[What to work on] Could you print the listing again exactly, omitting the pictures?

[Raw data]
═══
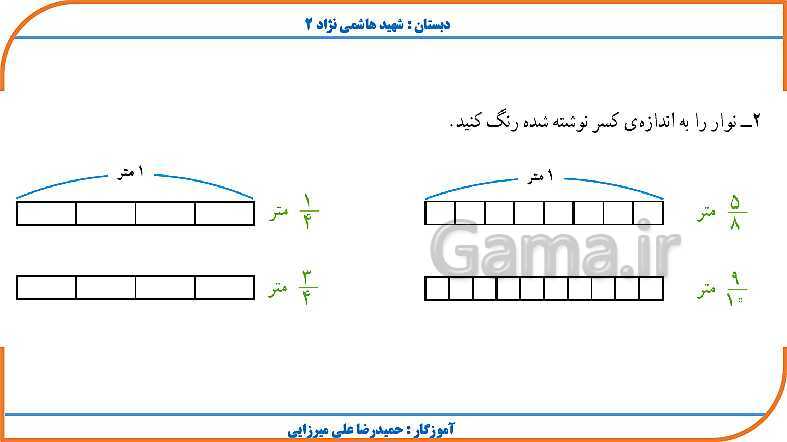 پاورپوینت ریاضی چهارم دبستان | فصل 4: اندازه گیری- پیش نمایش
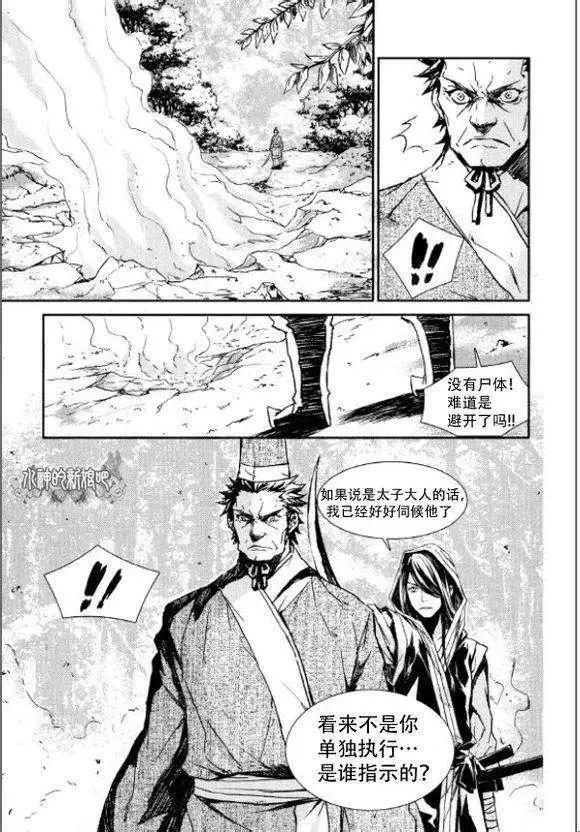 第02回7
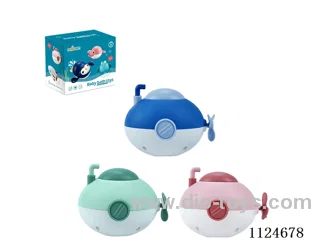 Winding water toy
═══
[Answer to this exercise]
 پاورپوینت ریاضی چهارم دبستان | فصل 4: اندازه گیری- پیش نمایش
 第02回7
 Winding water toy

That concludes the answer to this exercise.